- **Exercise instructions**: Return the run of lines below that opens with the line containing "Shampoing hydratant quotidien" and closes with the line containing "2016 Mercedes Benz CLA 450", keeping each one exact.
══ Records supplied
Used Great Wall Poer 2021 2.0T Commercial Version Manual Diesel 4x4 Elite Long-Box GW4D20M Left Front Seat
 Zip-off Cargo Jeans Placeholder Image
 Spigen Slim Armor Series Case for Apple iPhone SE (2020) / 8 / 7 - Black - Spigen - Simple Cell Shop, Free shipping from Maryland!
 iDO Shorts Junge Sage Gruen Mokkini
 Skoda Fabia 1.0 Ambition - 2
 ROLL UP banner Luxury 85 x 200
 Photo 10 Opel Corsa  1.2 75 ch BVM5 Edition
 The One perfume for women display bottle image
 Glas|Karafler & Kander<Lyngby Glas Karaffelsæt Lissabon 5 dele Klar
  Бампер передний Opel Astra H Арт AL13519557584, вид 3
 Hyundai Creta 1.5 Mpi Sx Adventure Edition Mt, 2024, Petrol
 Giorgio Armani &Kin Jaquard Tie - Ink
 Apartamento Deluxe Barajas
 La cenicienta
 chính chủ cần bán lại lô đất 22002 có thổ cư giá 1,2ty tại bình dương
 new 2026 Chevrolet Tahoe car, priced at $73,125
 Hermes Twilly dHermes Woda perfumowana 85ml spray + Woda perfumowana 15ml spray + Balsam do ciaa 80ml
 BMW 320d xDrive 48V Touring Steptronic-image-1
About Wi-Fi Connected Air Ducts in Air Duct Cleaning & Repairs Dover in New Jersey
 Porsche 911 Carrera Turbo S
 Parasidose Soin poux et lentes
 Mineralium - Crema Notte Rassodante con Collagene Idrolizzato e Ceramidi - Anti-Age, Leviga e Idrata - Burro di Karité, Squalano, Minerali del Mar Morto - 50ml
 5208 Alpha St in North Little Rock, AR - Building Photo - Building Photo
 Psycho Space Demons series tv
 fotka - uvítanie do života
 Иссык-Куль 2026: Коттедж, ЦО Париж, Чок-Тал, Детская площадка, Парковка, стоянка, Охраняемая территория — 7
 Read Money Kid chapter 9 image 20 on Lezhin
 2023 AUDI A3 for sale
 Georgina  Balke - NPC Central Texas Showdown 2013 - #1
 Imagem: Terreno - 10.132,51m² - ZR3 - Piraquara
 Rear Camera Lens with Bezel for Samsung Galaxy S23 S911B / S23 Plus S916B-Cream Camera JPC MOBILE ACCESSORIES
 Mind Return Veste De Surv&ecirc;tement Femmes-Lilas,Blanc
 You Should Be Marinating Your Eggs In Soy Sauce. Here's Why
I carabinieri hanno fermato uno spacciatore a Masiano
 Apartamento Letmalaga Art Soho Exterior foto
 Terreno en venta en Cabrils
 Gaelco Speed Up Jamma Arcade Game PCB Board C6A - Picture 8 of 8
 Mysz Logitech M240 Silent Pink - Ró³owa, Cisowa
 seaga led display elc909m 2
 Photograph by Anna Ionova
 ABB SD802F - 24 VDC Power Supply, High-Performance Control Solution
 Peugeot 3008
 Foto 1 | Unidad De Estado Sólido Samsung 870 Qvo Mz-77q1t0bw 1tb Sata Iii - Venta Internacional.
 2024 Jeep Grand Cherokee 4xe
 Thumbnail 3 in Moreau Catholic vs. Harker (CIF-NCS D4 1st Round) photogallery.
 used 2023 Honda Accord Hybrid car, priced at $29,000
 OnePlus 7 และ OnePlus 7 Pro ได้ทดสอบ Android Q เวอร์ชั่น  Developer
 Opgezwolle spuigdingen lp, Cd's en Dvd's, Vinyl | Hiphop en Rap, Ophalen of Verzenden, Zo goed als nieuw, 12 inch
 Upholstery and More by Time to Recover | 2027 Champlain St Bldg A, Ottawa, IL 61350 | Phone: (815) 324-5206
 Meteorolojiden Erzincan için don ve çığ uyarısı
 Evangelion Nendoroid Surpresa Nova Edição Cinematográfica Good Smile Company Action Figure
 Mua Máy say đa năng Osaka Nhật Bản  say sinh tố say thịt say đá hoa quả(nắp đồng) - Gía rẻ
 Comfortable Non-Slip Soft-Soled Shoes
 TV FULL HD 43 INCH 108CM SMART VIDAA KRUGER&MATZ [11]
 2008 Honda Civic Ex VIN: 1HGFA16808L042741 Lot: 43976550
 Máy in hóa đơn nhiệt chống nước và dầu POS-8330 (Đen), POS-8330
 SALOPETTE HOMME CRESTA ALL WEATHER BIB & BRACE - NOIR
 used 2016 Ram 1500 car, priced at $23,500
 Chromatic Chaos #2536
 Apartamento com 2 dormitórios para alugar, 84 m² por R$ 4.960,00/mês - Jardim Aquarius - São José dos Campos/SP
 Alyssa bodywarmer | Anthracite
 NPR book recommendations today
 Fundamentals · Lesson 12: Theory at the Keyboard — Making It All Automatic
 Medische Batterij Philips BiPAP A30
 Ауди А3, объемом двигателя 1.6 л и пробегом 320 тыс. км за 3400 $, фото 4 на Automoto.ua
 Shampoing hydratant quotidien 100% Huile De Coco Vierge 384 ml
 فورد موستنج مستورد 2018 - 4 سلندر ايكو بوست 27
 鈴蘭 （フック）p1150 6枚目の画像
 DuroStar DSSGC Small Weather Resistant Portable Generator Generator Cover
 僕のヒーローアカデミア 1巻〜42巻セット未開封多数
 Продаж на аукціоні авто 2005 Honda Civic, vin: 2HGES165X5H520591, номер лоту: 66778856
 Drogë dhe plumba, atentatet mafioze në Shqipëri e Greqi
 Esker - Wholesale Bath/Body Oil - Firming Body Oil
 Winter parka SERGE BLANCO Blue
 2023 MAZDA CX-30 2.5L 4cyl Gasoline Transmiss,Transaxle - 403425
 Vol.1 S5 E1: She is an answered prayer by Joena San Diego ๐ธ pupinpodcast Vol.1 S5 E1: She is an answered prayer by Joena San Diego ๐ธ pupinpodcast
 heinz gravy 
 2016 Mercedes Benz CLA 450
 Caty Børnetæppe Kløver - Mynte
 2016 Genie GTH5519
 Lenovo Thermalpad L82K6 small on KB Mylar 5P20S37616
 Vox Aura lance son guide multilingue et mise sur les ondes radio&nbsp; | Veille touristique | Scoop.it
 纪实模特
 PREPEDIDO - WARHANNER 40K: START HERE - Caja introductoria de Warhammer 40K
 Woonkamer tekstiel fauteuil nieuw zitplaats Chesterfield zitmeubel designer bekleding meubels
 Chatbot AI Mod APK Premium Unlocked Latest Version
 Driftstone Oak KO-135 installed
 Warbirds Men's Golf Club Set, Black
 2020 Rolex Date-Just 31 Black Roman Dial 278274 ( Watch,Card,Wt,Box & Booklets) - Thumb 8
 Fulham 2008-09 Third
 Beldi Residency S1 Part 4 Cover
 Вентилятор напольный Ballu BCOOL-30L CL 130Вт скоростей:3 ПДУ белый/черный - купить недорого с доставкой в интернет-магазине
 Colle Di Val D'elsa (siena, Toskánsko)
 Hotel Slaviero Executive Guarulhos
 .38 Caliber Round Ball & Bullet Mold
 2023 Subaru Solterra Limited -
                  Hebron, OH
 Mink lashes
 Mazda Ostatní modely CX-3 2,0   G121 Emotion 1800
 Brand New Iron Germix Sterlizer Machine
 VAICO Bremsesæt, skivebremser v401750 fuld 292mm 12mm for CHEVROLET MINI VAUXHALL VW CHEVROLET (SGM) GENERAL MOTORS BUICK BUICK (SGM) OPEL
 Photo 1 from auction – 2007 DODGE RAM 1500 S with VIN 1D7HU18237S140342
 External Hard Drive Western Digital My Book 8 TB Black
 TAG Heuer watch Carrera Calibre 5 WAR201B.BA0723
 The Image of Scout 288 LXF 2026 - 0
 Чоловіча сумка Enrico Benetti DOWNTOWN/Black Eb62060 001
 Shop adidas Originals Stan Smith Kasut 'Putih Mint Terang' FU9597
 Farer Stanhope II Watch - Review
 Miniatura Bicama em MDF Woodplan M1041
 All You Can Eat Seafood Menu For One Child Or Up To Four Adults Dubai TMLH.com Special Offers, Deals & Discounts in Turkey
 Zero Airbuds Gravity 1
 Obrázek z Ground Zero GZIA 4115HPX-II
════
- **Finished task**:
 Shampoing hydratant quotidien 100% Huile De Coco Vierge 384 ml
 فورد موستنج مستورد 2018 - 4 سلندر ايكو بوست 27
 鈴蘭 （フック）p1150 6枚目の画像
 DuroStar DSSGC Small Weather Resistant Portable Generator Generator Cover
 僕のヒーローアカデミア 1巻〜42巻セット未開封多数
 Продаж на аукціоні авто 2005 Honda Civic, vin: 2HGES165X5H520591, номер лоту: 66778856
 Drogë dhe plumba, atentatet mafioze në Shqipëri e Greqi
 Esker - Wholesale Bath/Body Oil - Firming Body Oil
 Winter parka SERGE BLANCO Blue
 2023 MAZDA CX-30 2.5L 4cyl Gasoline Transmiss,Transaxle - 403425
 Vol.1 S5 E1: She is an answered prayer by Joena San Diego ๐ธ pupinpodcast Vol.1 S5 E1: She is an answered prayer by Joena San Diego ๐ธ pupinpodcast
 heinz gravy 
 2016 Mercedes Benz CLA 450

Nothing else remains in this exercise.